Evra and van Gaal comments underline Woodward's failings once again
Louis van Gaal has lifted the lid to FourFourTwo about ten potential signings he wanted at Manchester United.
The list is mouth-watering; Neymar, Sergio Ramos, Thomas Muller, Mats Hummels, N’Golo Kante, Riyad Mahrez, Robert Lewandowski, Gonzalo Higuain, Sadio Mane – and James Milner.
Of course, Ed Woodward was never going to sign all of those players.
But van Gaal’s admission that United ‘only got third-, fourth- or fifth-choice players’ is a damning verdict on the Englishman’s competence.
Same problems rearing their head
Perhaps some of the names on that list – Neymar, Ramos, Lewandowski – were completely unrealistic, and Leeds-born James Milner would have taken a lot of convincing too.
But Mane, Kante and Mahrez since moved to three direct rivals – Liverpool, Chelsea and Manchester City, as United floundered under Woodward.
Ultimately, Woodward failed to get the players through the door that the manager he handpicked felt United needed.
We are seeing similar now, years later, with the Jadon Sancho saga coming after Bruno Fernandes was signed months after he should have arrived.

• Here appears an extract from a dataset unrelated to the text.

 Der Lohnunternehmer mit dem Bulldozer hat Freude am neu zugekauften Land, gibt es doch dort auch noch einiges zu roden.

Woodward failed to deliver for van Gaal – and to varny degrees for David Moyes and Jose Mourinho – and is making a similar meal of the current transfer window.
Recent comments in the Guardian from United legend Patrice Evra showed Woodward’s lack of competence is not limited to failing to secure transfer targets.

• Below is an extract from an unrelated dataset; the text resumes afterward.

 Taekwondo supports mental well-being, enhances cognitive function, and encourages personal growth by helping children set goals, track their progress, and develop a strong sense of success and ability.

The Frenchman said: “I felt betrayed by Ed. I called Juventus to tell them I am coming. Ed then said: ‘We offer you a two-year contract, more money, the captaincy, a testimonial.’ Too late.”
Woodward failed to extend the contract of a player who clearly loved United, just as he did last summer with Ander Herrera.
Within one season, both men were playing in the Champions League final; Evra in 2015, Herrera on Sunday night with PSG.
While United were never going to match PSG’s offer for Herrera, letting the Spaniard’s contract get to the final few months unrenewed was asking for trouble.